The plate is located underneath the ABS modulator; there are three rubber anti-vibration mounts holding it. If you're careful and you remove the three clips holding the brake pipes below the ABS unit then with care you can lift it away giving you just enough room to get an allen key into the bolts, there are three of those too. Rounding the hex sockets in the bolts shouldn't be a problem if you have a properly fitting allen key. Don't forget to remove the plugs before lifting the unit. I found it helpful to have an assistant to hold the unit while I removed the SVS plate.

Replacing the SVS plate is a direct opposite of removal.
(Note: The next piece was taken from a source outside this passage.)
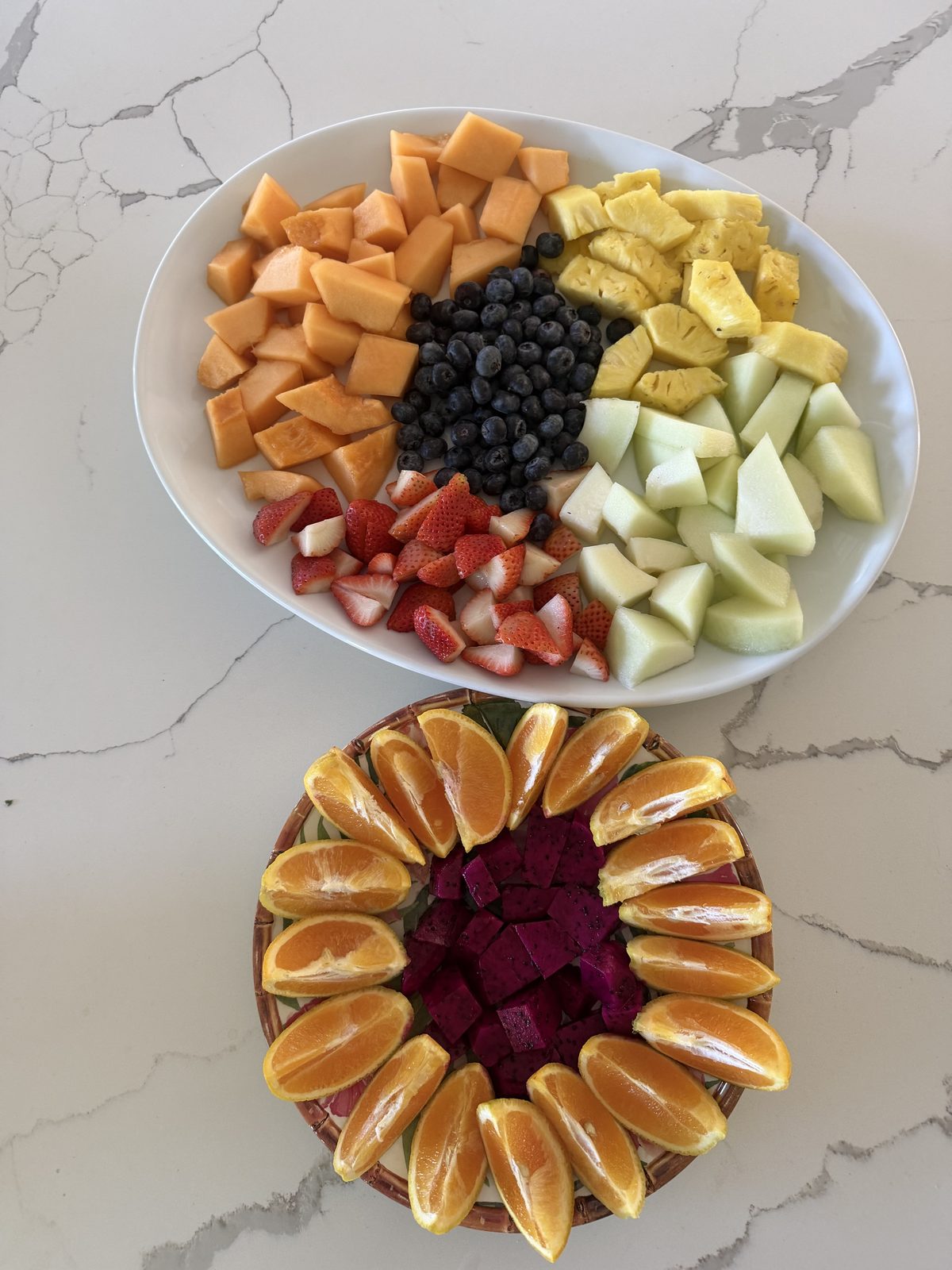 Fresh fruit platter with melon, pineapple, berries and orange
There is no real need to torque the bolts up, just do them up with your allen key, you can put thread lock compond on them if you wish. I tried to torque the one I did with a small low torque wrench, but 4Nm is stupidly small and difficult to achieve unless you have the unit out and on the work bench.
 
I recently had the SVS replaced on my Discovery 2 by a garage as the three amigos kept coming on, and the SVS failure code came up. All seemed ok for a few weeks, then the lights came on again. Now armed with a Nanocom, I read the fault - SVS again 23 times, and cleared. Again, all ok until yesterday, when lights came on again and fault read SVS another 23 times. Have cleared but assume this will keep happening. Could the SVS that was fitted be faulty, or is it more likely that there is another issue? Read somewhere about the ABS module repair kit SW0500040 - costing about £400! Assume this is not required to sort the issue?!
 
I recently had the SVS replaced on my Discovery 2 by a garage as the three amigos kept coming on, and the SVS failure code came up. All seemed ok for a few weeks, then the lights came on again. Now armed with a Nanocom, I read the fault - SVS again 23 times, and cleared. Again, all ok until yesterday, when lights came on again and fault read SVS another 23 times. Have cleared but assume this will keep happening. Could the SVS that was fitted be faulty, or is it more likely that there is another issue? Read somewhere about the ABS module repair kit SW0500040 - costing about £400! Assume this is not required to sort the issue?!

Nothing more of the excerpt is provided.